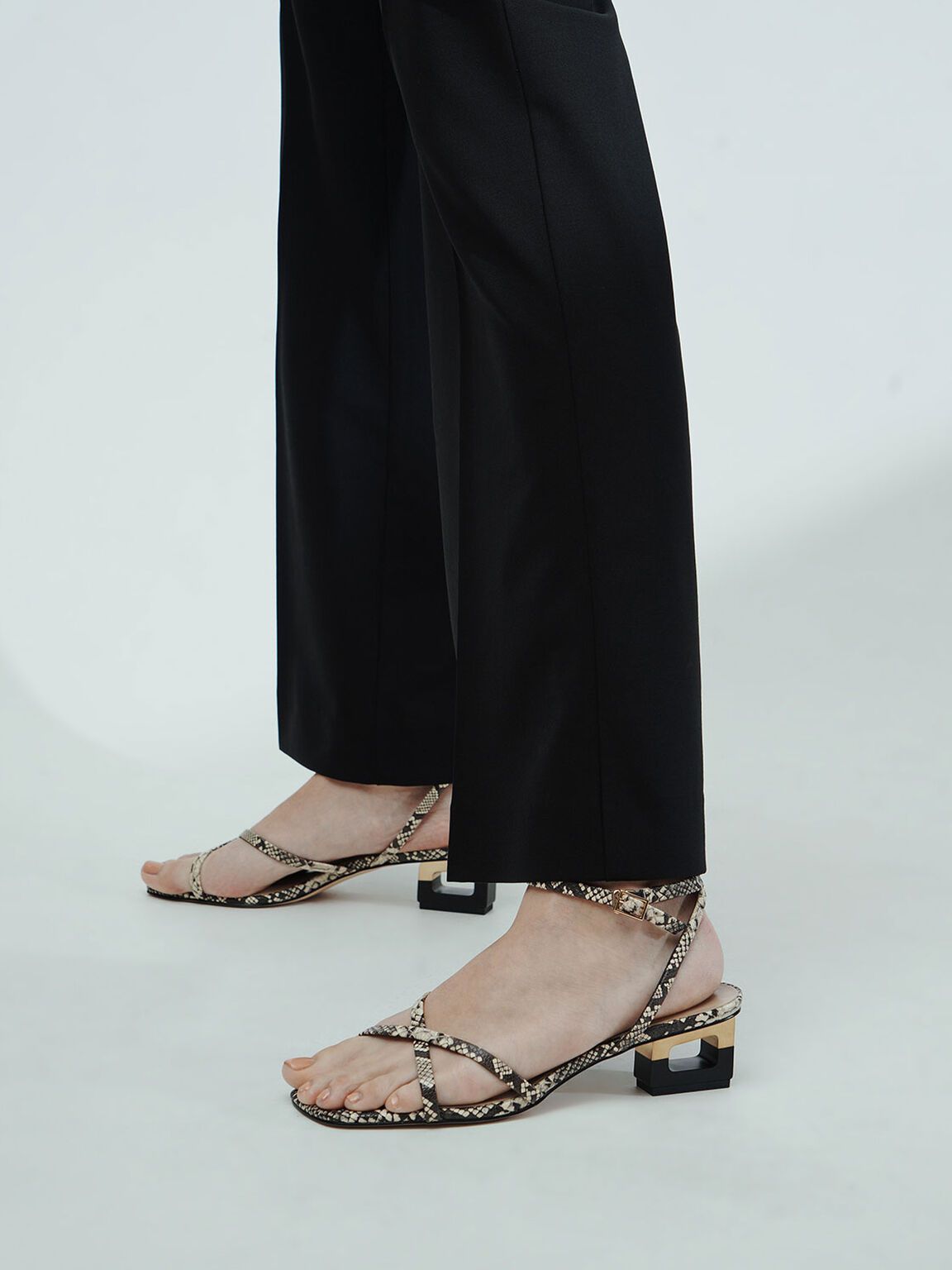 Skulpturale Sandalen mit Chromabsatz und Schlangenmuster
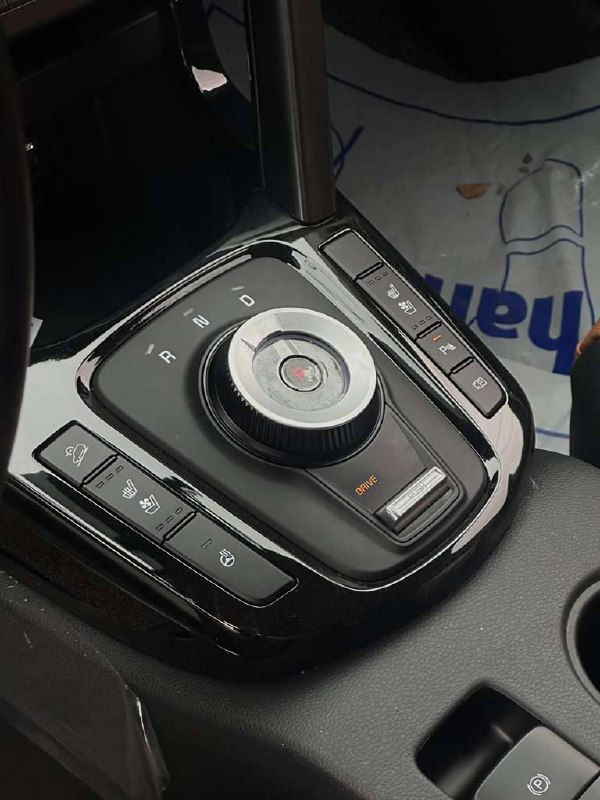 Центральная консоль KIA Seltos: селектор коробки передач в виде шайбы, кнопки режимов и отделка вокруг подстаканников.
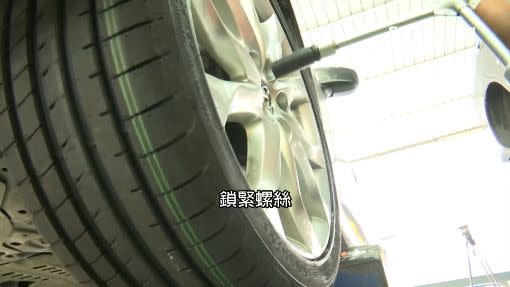 技師更換汽車輪胎。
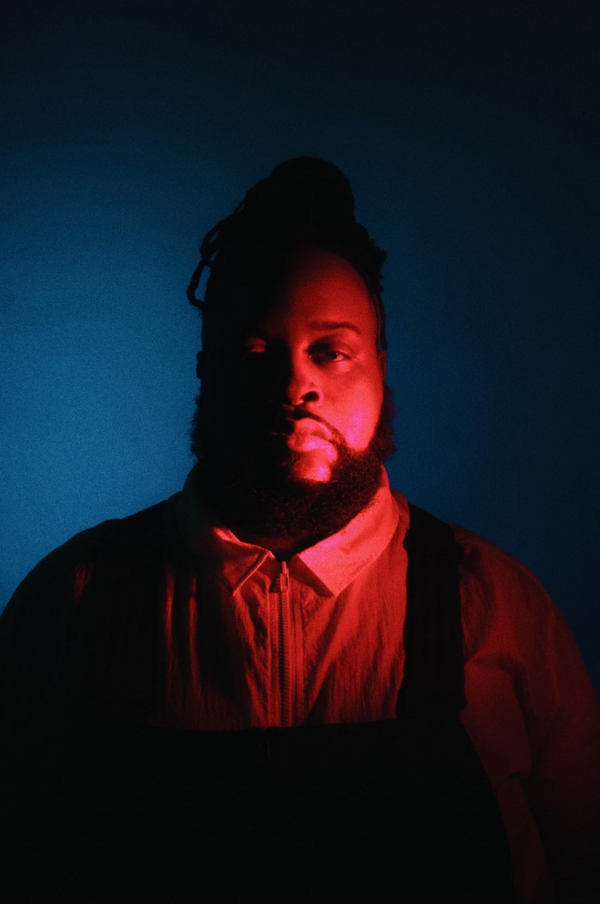 A three-quarter portrait of a well-built male-presenting person against a blue background who is dramatically lit from their left with a red light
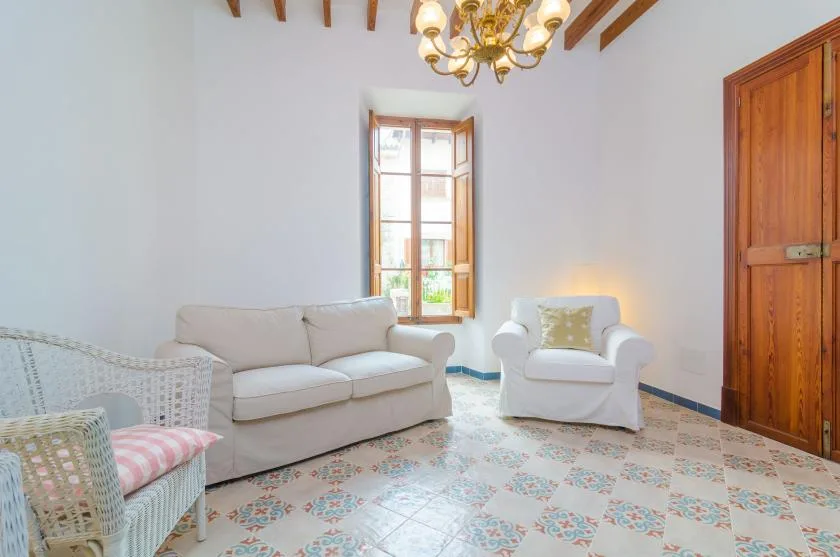 A bright sitting room with a sofa, an armchair, and a tall window.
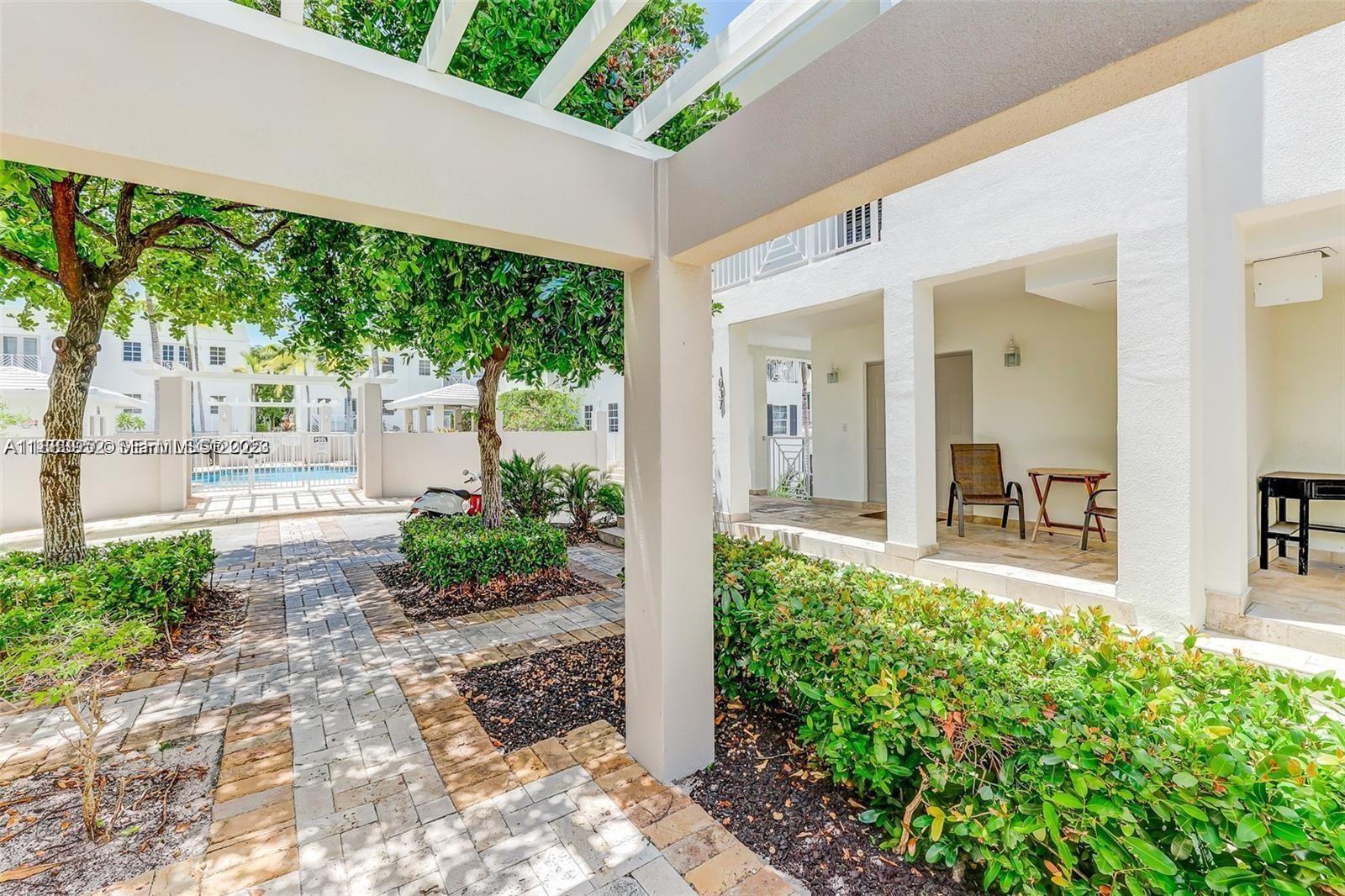 1043 Southwest 9th Court, Unit F1 Miami, FL 33130 - Photo 24 of 27 a front view of a house with garden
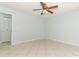 Neutral bedroom featuring tile flooring, ceiling fan, and lots of light at 2828 Whispering Way, Winter Park, FL 32792
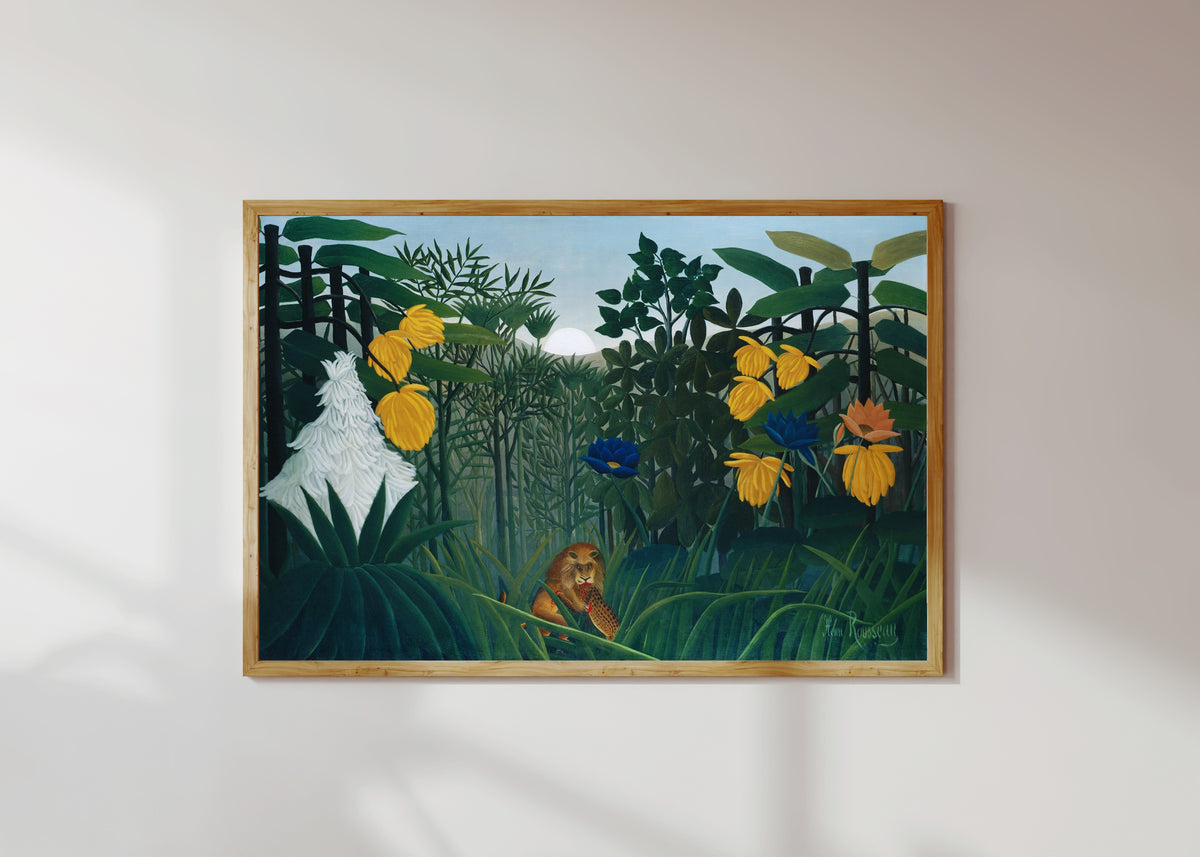 Framed art print of The Repast of the Lion by Henri Rousseau, in a light wood frame on a sunlit white wall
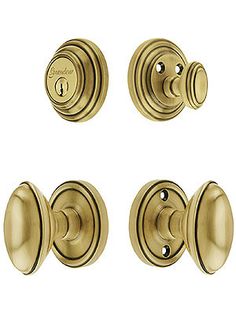 four brass door knobs and handles on a white background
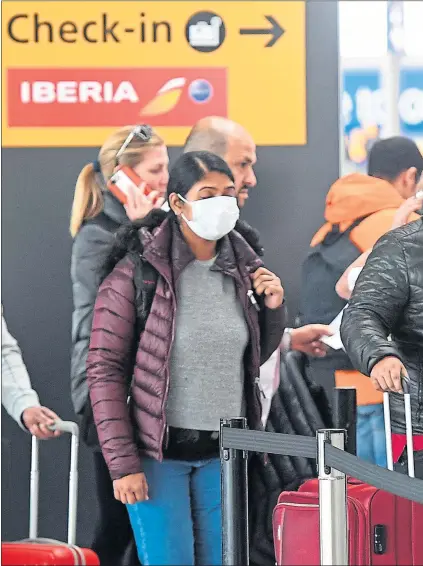  ??  ?? Travellers in masks queue at Heathrow airport in London as air travel grinds to a halt and nations across the world lock down their borders due to the coronaviru­s pandemic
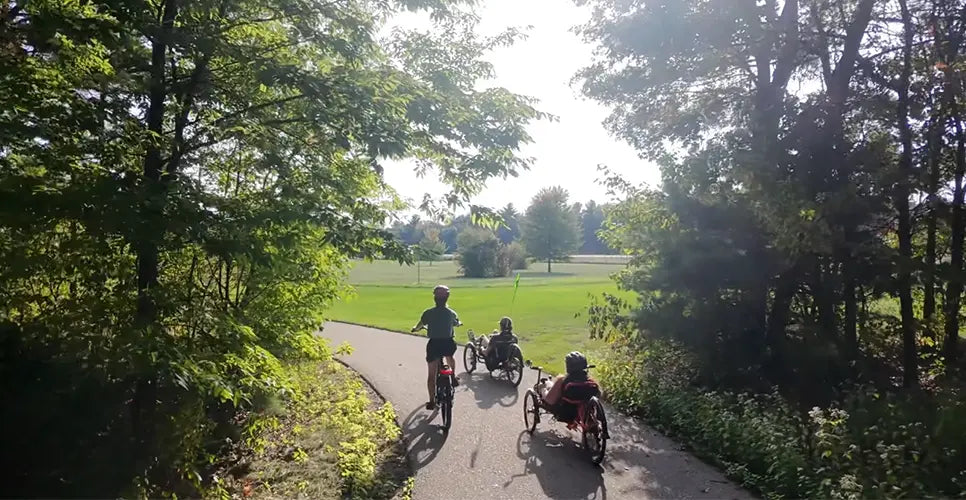 Two people riding trikes and one person riding a bike on a path through a park with trees and grass.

•••••

Activity>
Would you retype the material exactly, omitting each picture?

Response to the exercise>
 Skulpturale Sandalen mit Chromabsatz und Schlangenmuster
 Центральная консоль KIA Seltos: селектор коробки передач в виде шайбы, кнопки режимов и отделка вокруг подстаканников.
 技師更換汽車輪胎。
 A three-quarter portrait of a well-built male-presenting person against a blue background who is dramatically lit from their left with a red light
 A bright sitting room with a sofa, an armchair, and a tall window.
 1043 Southwest 9th Court, Unit F1 Miami, FL 33130 - Photo 24 of 27 a front view of a house with garden
 Neutral bedroom featuring tile flooring, ceiling fan, and lots of light at 2828 Whispering Way, Winter Park, FL 32792
 Framed art print of The Repast of the Lion by Henri Rousseau, in a light wood frame on a sunlit white wall
 four brass door knobs and handles on a white background
  ??  ?? Travellers in masks queue at Heathrow airport in London as air travel grinds to a halt and nations across the world lock down their borders due to the coronaviru­s pandemic
 Two people riding trikes and one person riding a bike on a path through a park with trees and grass.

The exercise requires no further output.